Lacy stood in the foyer, listening to the rumble of the Taurus as he pulled away, until a flush and a cheer from Julian brought her back to life. “I didn’t hear the faucet!” she called out reflexively. “No Cheerios till those hands are washed.”
* * *
When Julian was almost three, Lacy passed his room one afternoon and heard him talking at an odd, deliberate pace. He sat in the wicker rocking chair where she read to him, wedged between his stuffed bear and bunny instead of on her lap. He held a picture book upside down and was saying the words. Lacy was startled, unable to discern whether he’d memorized it or was really reading, so when he stopped and looked at her, she turned the book right side up—“Try that,” she said—and left. The next day she heard him again, so she put a new book in his hands, one they had never read together, and Lacy lost her breath to see that her son had taught himself to read. This was the beginning of Julian’s lessons.

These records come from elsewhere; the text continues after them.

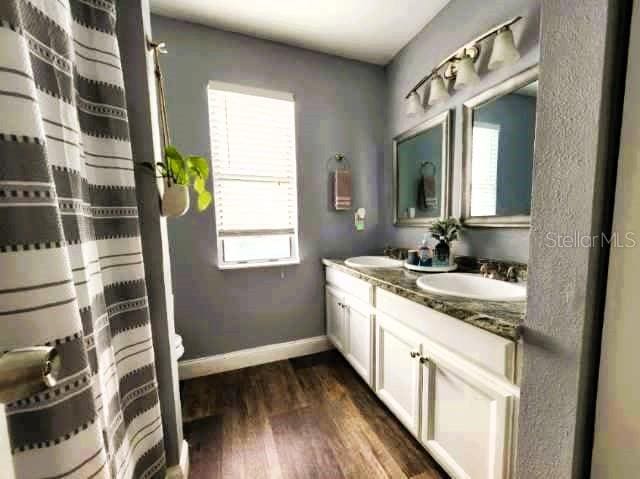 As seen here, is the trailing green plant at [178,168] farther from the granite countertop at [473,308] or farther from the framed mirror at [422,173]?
→ the framed mirror at [422,173]

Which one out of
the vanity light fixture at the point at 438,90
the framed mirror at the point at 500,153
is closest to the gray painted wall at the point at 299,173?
the vanity light fixture at the point at 438,90

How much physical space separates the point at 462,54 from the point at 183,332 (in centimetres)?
252

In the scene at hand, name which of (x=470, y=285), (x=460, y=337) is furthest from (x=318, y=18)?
(x=460, y=337)

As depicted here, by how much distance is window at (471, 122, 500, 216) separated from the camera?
1.36m

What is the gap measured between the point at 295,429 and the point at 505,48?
2215 millimetres

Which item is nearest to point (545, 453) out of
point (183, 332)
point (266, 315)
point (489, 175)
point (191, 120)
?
point (489, 175)

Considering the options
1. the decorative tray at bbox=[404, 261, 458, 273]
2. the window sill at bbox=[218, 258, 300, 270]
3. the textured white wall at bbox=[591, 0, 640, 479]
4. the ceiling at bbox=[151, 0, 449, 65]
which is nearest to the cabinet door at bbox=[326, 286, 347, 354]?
the window sill at bbox=[218, 258, 300, 270]

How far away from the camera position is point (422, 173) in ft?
6.01

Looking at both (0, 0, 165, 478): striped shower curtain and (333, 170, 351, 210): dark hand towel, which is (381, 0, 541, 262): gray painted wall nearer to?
(333, 170, 351, 210): dark hand towel

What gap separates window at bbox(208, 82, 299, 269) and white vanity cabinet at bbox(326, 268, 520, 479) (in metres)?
0.82

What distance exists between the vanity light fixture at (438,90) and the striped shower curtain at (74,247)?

By the morning Lacy went full Clint Eastwood on the phone breather, she had crammed Julian’s head with heaps of schooling and knowledge far beyond his years. He read the Narnia books, some Orwell, Dickens, and all of Twain. He could rattle off Linnaean taxonomy and was on track to start his multiplication tables that very week. After Julian rinsed his cereal bowl, they sat beside each other in the breakfast nook that Lacy called the dining room, and she announced the plan for the day: language arts from eight to nine, focused play for thirty, an hour of math, snacks and manners for fifteen, and ninety minutes of science before lunch.
The lessons began well. Smoothly Julian read aloud from Great Expectations and, upon quizzing, knew the meaning of “consternation” and “augment” and every other vocabulary word Lacy flagged. She shifted to critical thinking, as she liked to, and asked why Pip in the story would want to help a convict he met in a graveyard. Julian pondered this. His chestnut hair tilted like a shining bowl on his head. A fervent intelligence lit his hazel eyes. Lacy noted the slight rise in his posture, the influx of poise that filled her son as thoughts turned to words. He opened his mouth.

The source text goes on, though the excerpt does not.